WORK TASK: Transcribe exactly, and without pictures, only the lines from the one bearing "Man upset about ED symptoms Lutterworth" through the final line of the data below.

Image-text web data
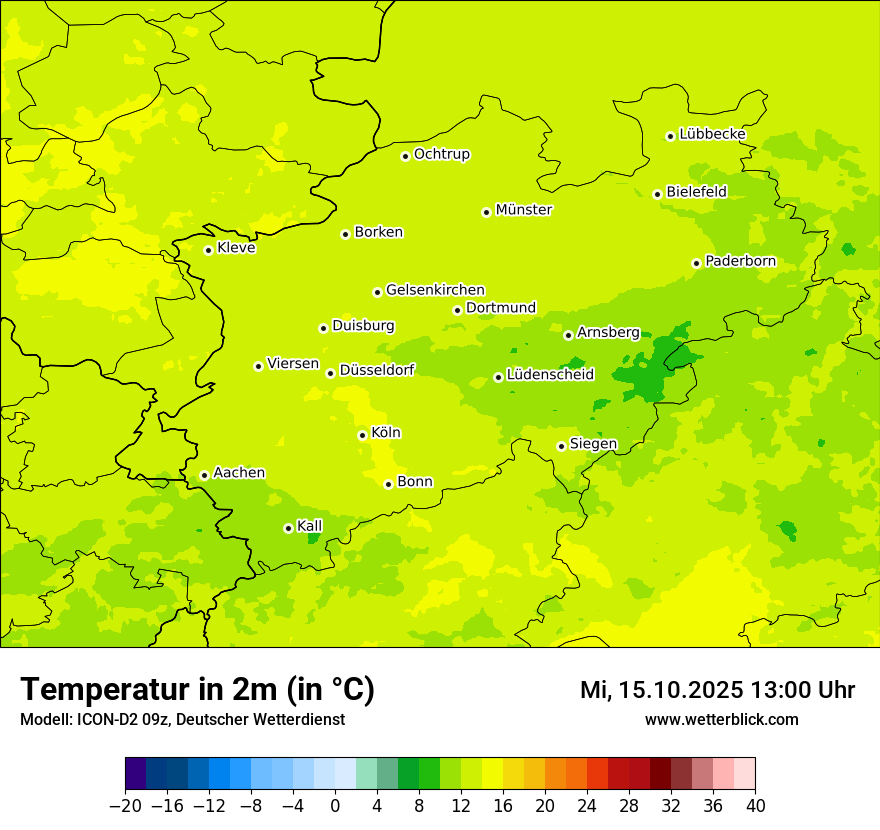 Modellkarten Temperatur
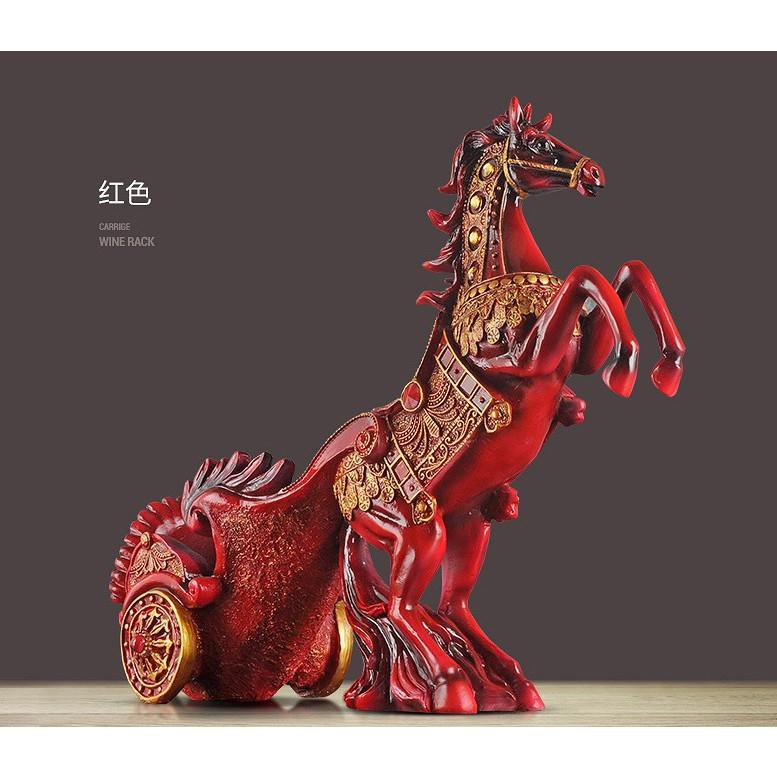 Ngựa kéo rượu, kệ đựng rượu hình con ngựa NKR01 hàng Quảng Châu
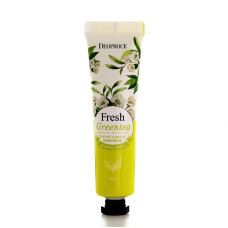 Крем для рук парфюмированный с зеленым чаем Deoproce Fresh Greentea Perfumed Hand Cream, 50 гр.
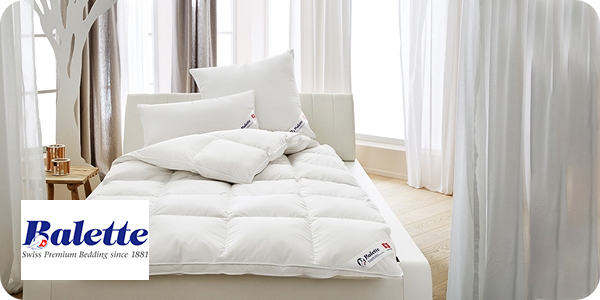 Bettinhalt «Comfort» mit echten Federn, Marke Balette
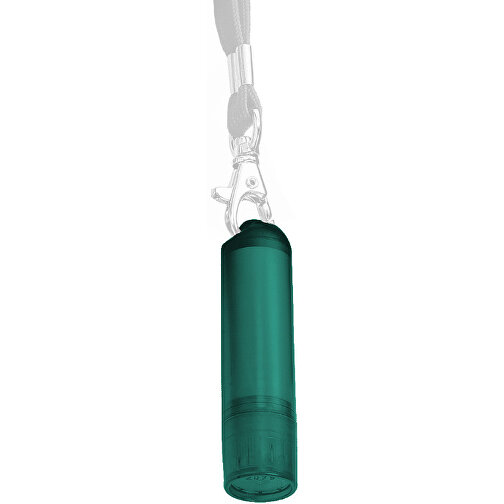 VitaLip® 'Eco' Freestyle (ohne Lanyard) , dunkelgrün gefrostet, PS, 6,30cm (Höhe), Bild 1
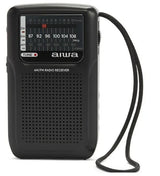 AIWA RS-20 Fickradio med AM/FM, FM DX och hörlurar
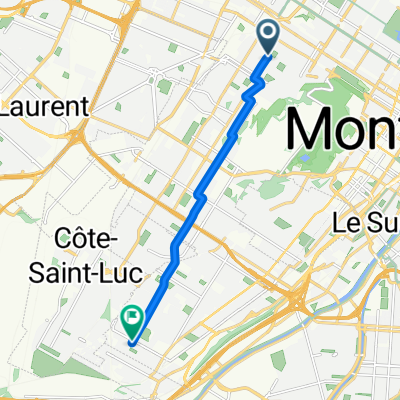 Av Bernard, Montréal à Av Fielding, Montréal
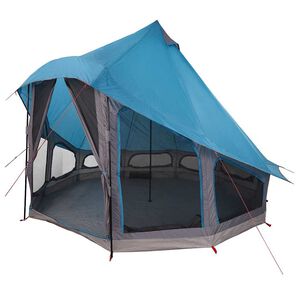 vidaXL Familie Tipi Tent met dak Blauw 404 x 370 x 270 cm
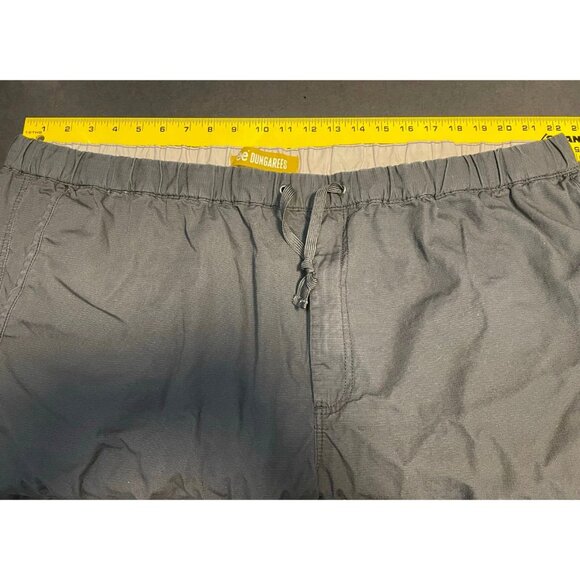 Lee Dungarees shorts mens 43 x 9 high rise drawstrings gray - Picture 6 of 12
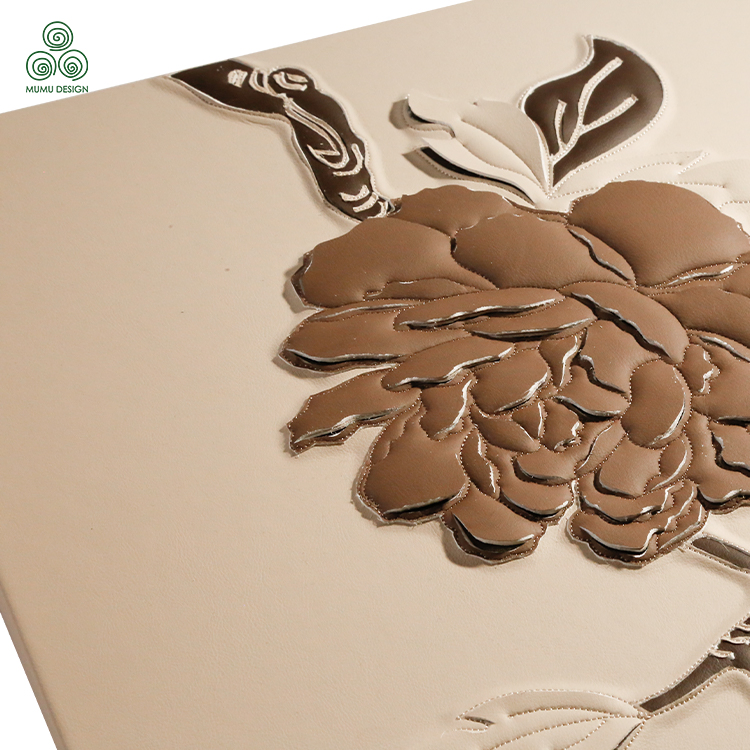 Precision Leather Wall Art with Intricate Patterns and Shadow Play Effects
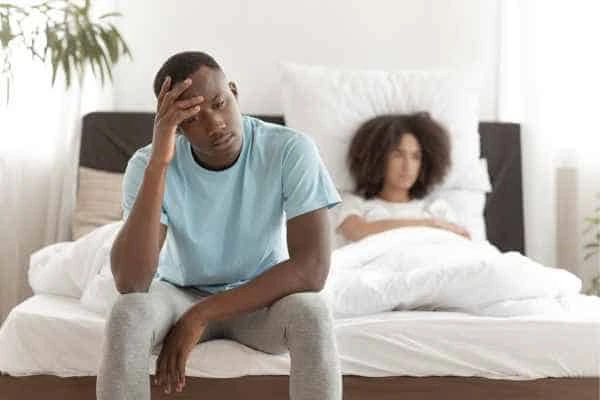 Man upset about ED symptoms Lutterworth
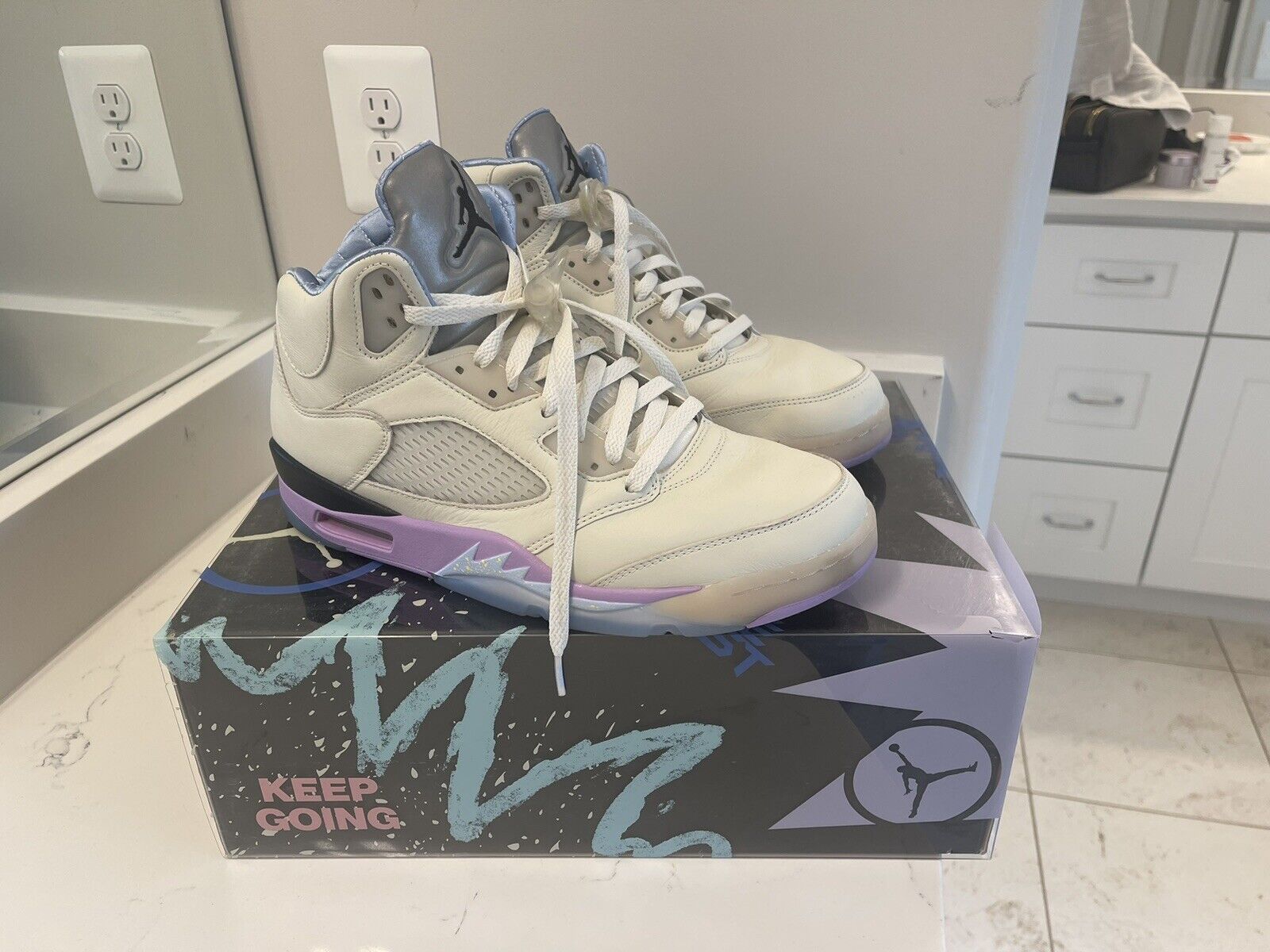 Jordan 5 DJ Khaled Sail photo review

SOLVED PROBLEM:
 Man upset about ED symptoms Lutterworth
 Jordan 5 DJ Khaled Sail photo review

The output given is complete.